§ TASK TO COMPLETE
Exactly the lines from the line that has "Bees N Things" through the final line below are to be retyped, and the pictures are not.
● ● ● ● ●
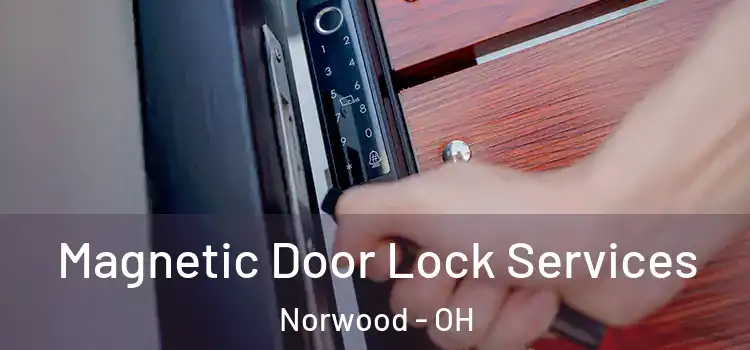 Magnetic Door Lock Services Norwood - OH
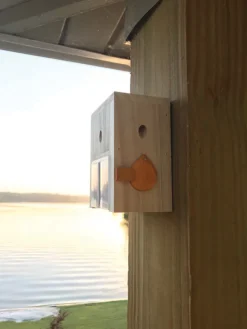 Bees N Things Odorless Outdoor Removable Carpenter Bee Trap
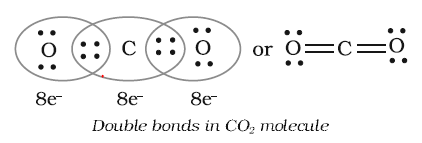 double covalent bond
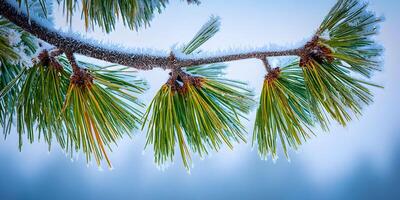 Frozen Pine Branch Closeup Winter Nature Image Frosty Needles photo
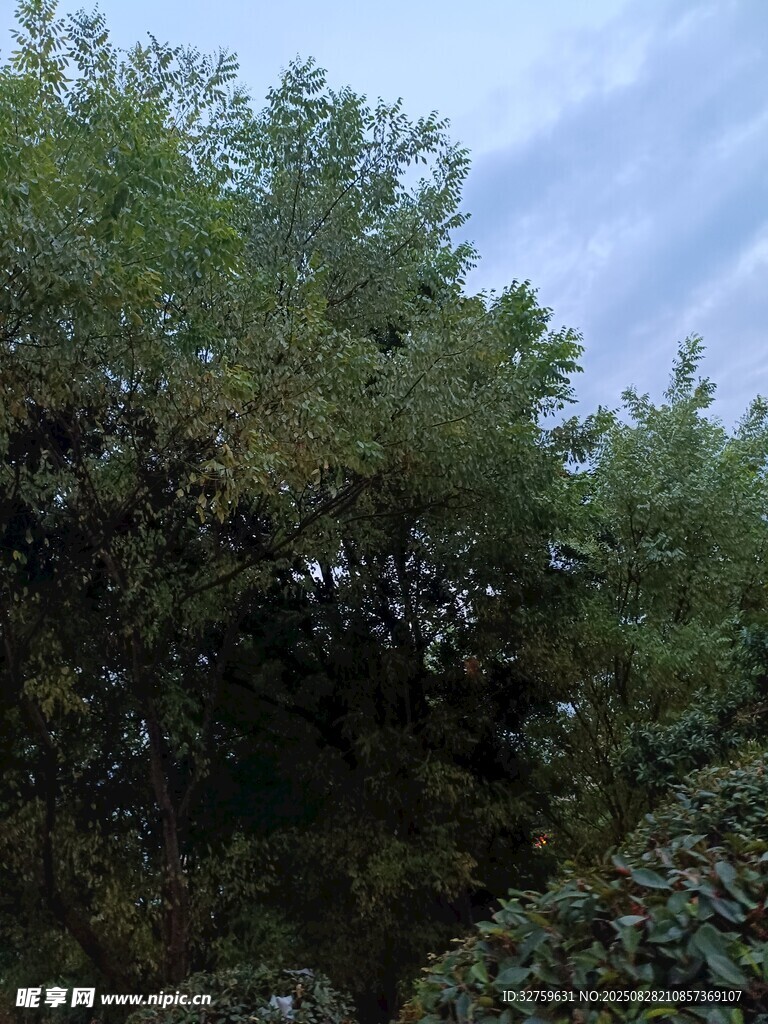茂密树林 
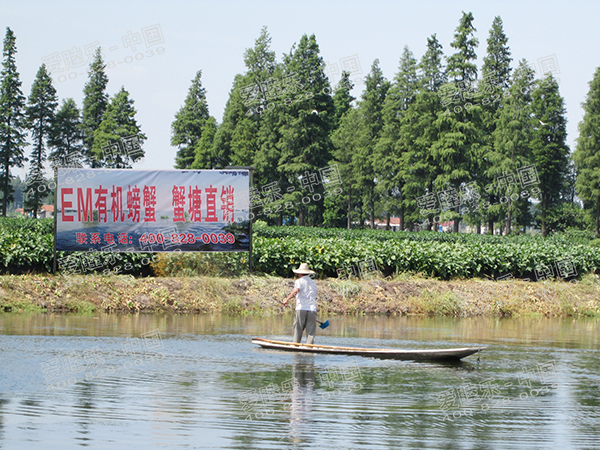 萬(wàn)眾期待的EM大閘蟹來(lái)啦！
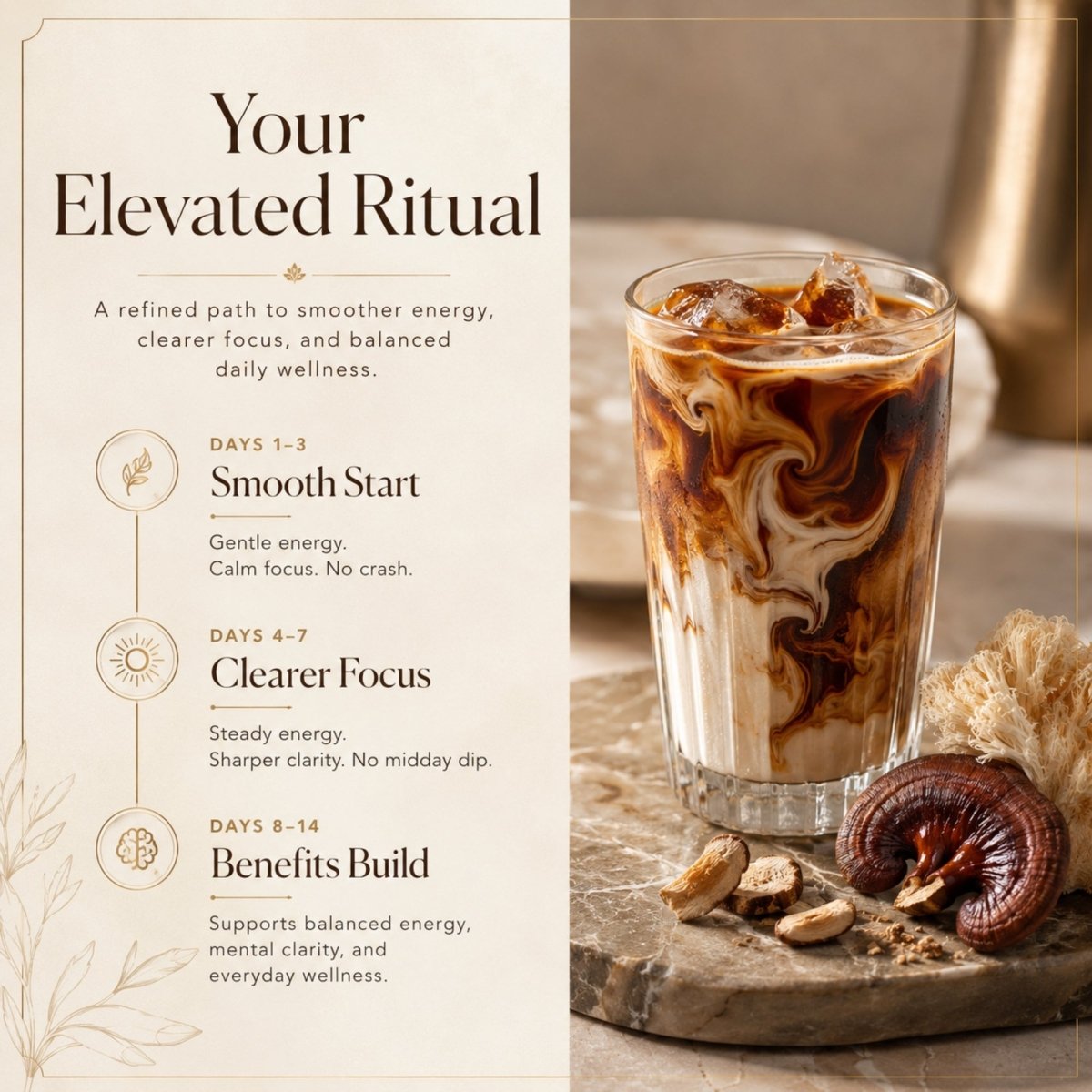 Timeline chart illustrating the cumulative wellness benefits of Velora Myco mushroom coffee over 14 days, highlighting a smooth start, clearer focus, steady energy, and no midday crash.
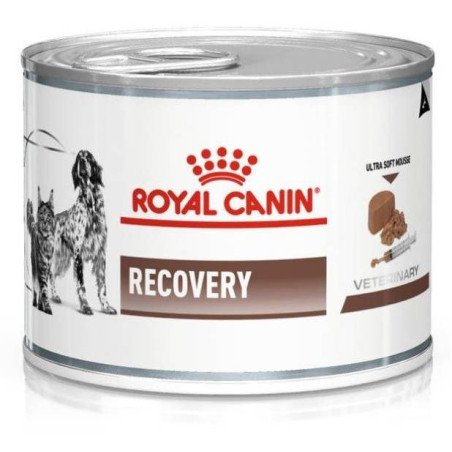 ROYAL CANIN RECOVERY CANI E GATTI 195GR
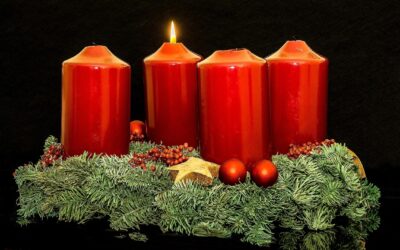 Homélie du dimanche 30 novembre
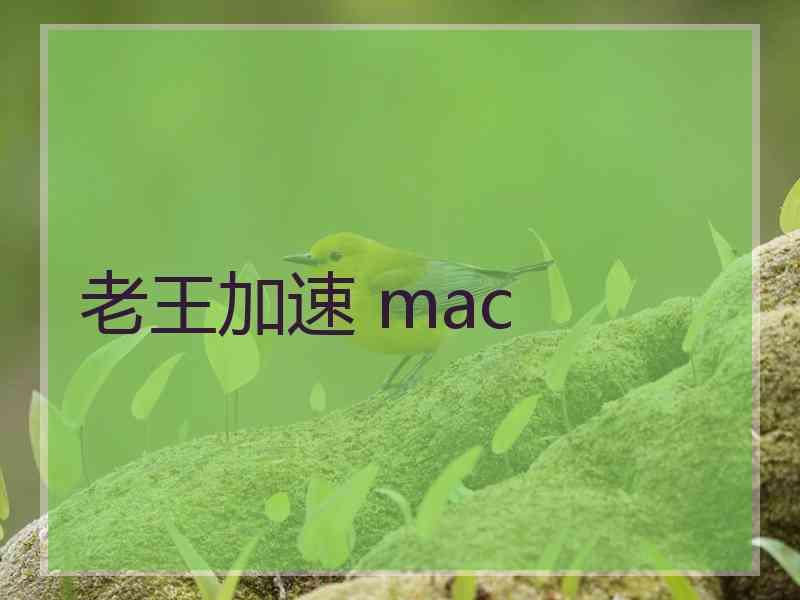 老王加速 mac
● ● ● ● ●
§ EXERCISE SOLUTION
 Bees N Things Odorless Outdoor Removable Carpenter Bee Trap
 double covalent bond
 Frozen Pine Branch Closeup Winter Nature Image Frosty Needles photo
茂密树林 
 萬(wàn)眾期待的EM大閘蟹來(lái)啦！
 Timeline chart illustrating the cumulative wellness benefits of Velora Myco mushroom coffee over 14 days, highlighting a smooth start, clearer focus, steady energy, and no midday crash.
 ROYAL CANIN RECOVERY CANI E GATTI 195GR
 Homélie du dimanche 30 novembre
 老王加速 mac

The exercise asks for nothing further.